The creepy Silence of the Lambs vibe was engaging enough as Weathers and Morgan had their intense stare-off and the game of cat and mouse began. The questions piling up. Is Morgan sentient? Is she aware of her abilities? If she can do all these things then why the hell is she sitting in a cell?

Taylor-Joy delivered a masterstroke with the expressions. She looked scary and sincere in the same instance and things (finally) picked up when Paul Giamatti’s Dr Shapiro arrived to perform a psych evaluation.

There was genuine suspense and tension as Shapiro bated Morgan. Questioning her motives and emotions. Goading her to react. A ticking time bomb. I could have watched a whole movie of just that.

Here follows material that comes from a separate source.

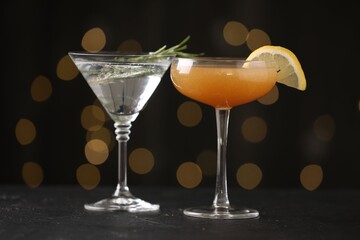 Different martini cocktails in glasses on black table against blurred lights, closeup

The last 20 minutes seemed to realise it was clasping at straws and cranked the pace up to 11 with a frantic, violent and rushed finale.

The only problem was that with this sort of story line, there was only ever going to be two outcomes which made the end result pure predictable hokum.

Once you took away the tension and philosophical sparring, you had something very much like the protagonist; a cold pretty looking effort.

Mark Patten’s cinematography certainly made the idyllic setting surrounding The Facility like a country paradise BUT if Ex Machina hadn’t beaten Scott and co to the punch, this may have fared better.

BUT only ever so slightly.

Despite a talented cast and a mad dash finale, this was tragically flat and disappointing.

Watchable guff BUT nothing to shout home about.